**TASK REQUIREMENTS:** Copy all the entries word for word, but omit the pictures.

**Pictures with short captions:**
^^^^

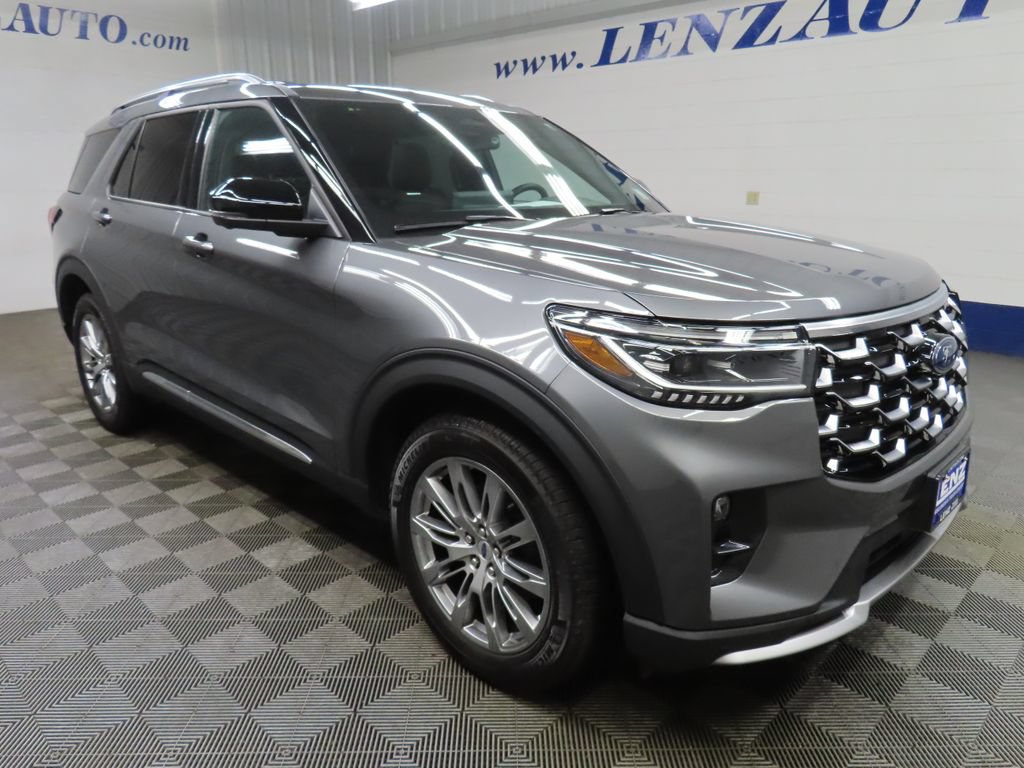 Used 2026 Ford Explorer Platinum AWD/4WD image 3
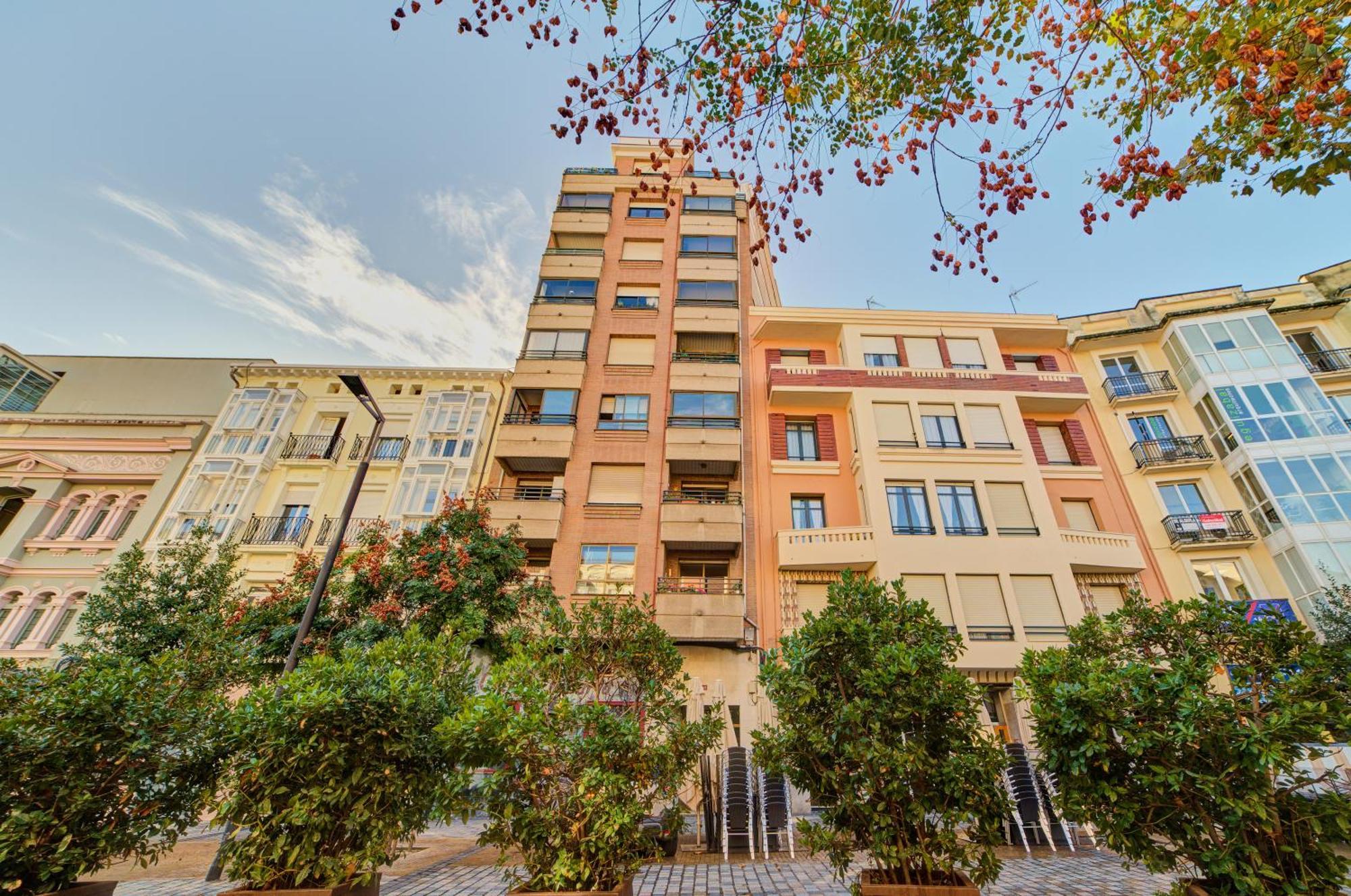 Apartamento Breton De Los Herreros لوغرونيو المظهر الخارجي الصورة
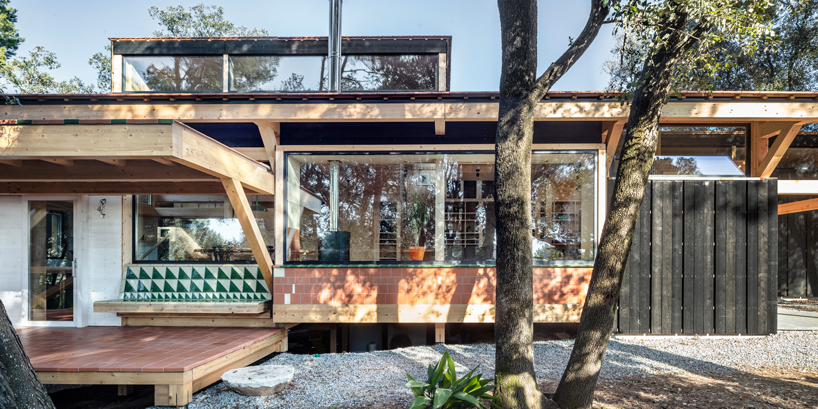 Το BOSC HOUSE από τον joan poca arquitecte κατοικεί προσεκτικά σε ένα δάσος στη barcelona designboom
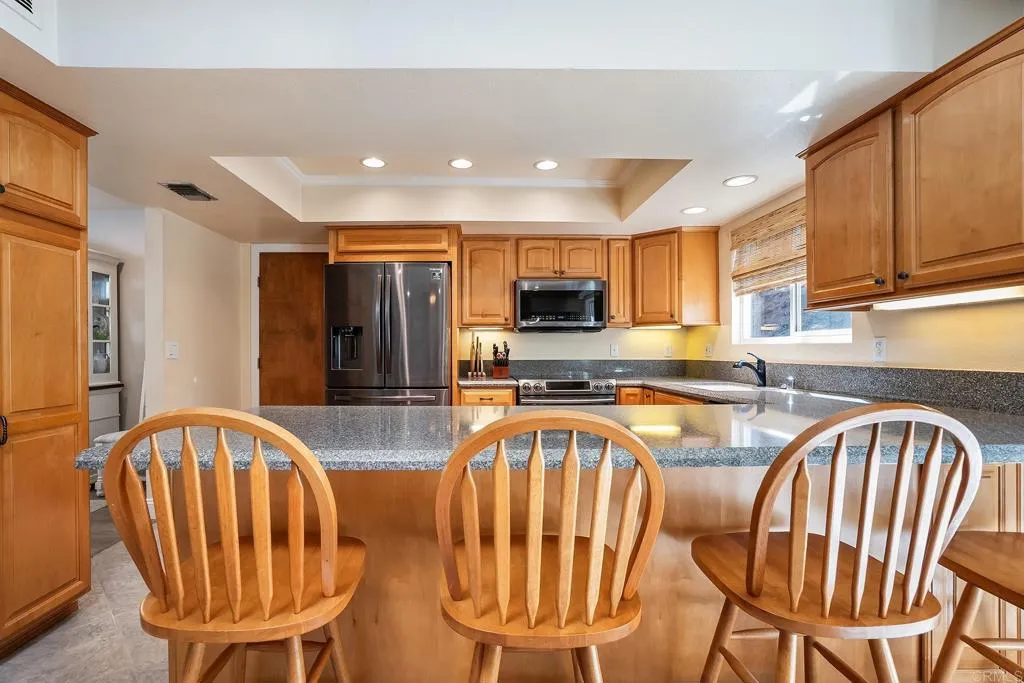 https://cdn.realtyfeed.com/cdn/127/306677692/a16d719ee44f647af053f3e3223281db.webp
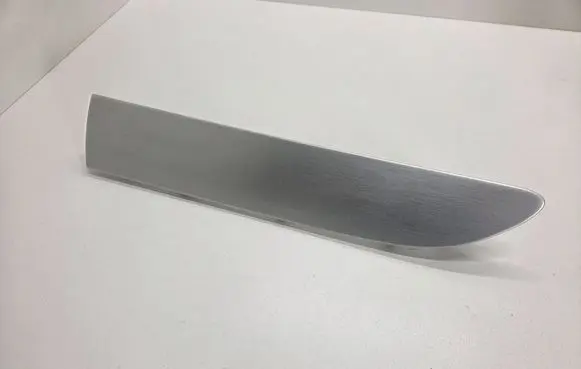 Dashboard glove box trim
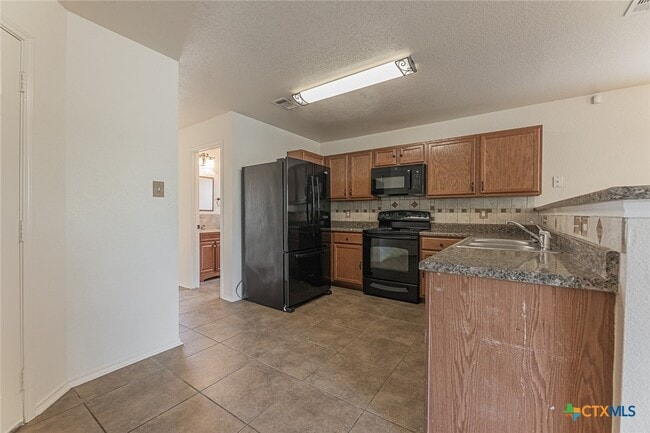 Building Photo - 2406 Waterfall Dr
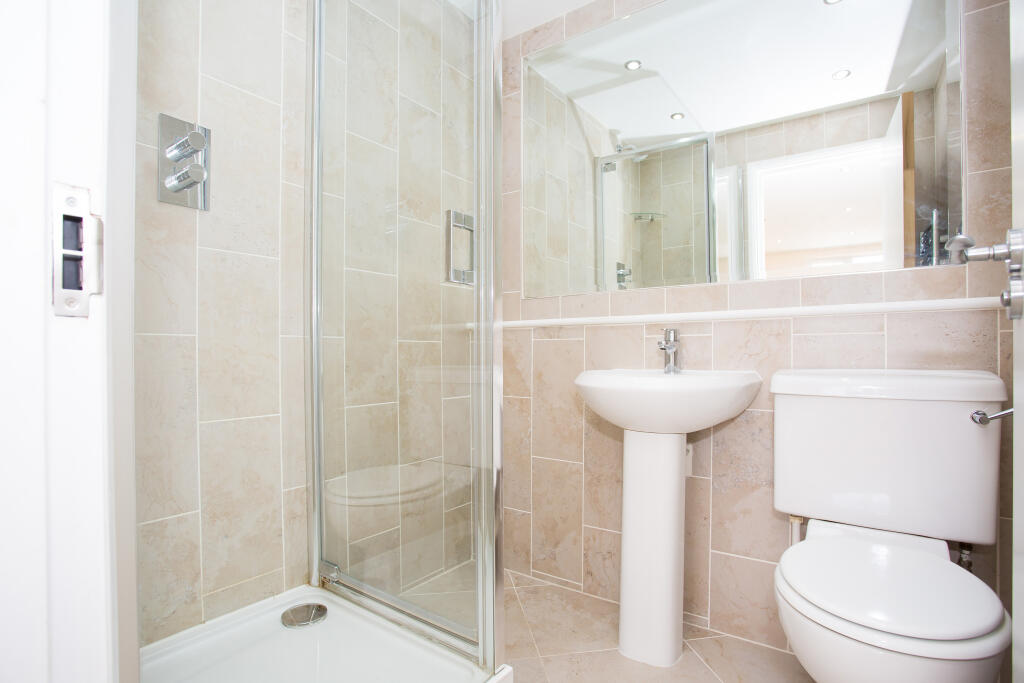 Additional image 6 of Gatcombe Court, Dexter Close, St Albans, Herts, AL1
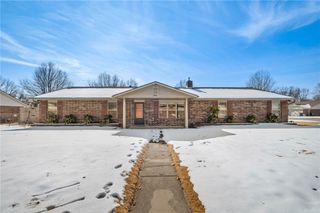 2801 Hyatt Avenue, Springdale, AR 72762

^^^^

**RESPONSE FOR THIS EXERCISE:**
 Used 2026 Ford Explorer Platinum AWD/4WD image 3
 Apartamento Breton De Los Herreros لوغرونيو المظهر الخارجي الصورة
 Το BOSC HOUSE από τον joan poca arquitecte κατοικεί προσεκτικά σε ένα δάσος στη barcelona designboom
 https://cdn.realtyfeed.com/cdn/127/306677692/a16d719ee44f647af053f3e3223281db.webp
 Dashboard glove box trim
 Building Photo - 2406 Waterfall Dr
 Additional image 6 of Gatcombe Court, Dexter Close, St Albans, Herts, AL1
 2801 Hyatt Avenue, Springdale, AR 72762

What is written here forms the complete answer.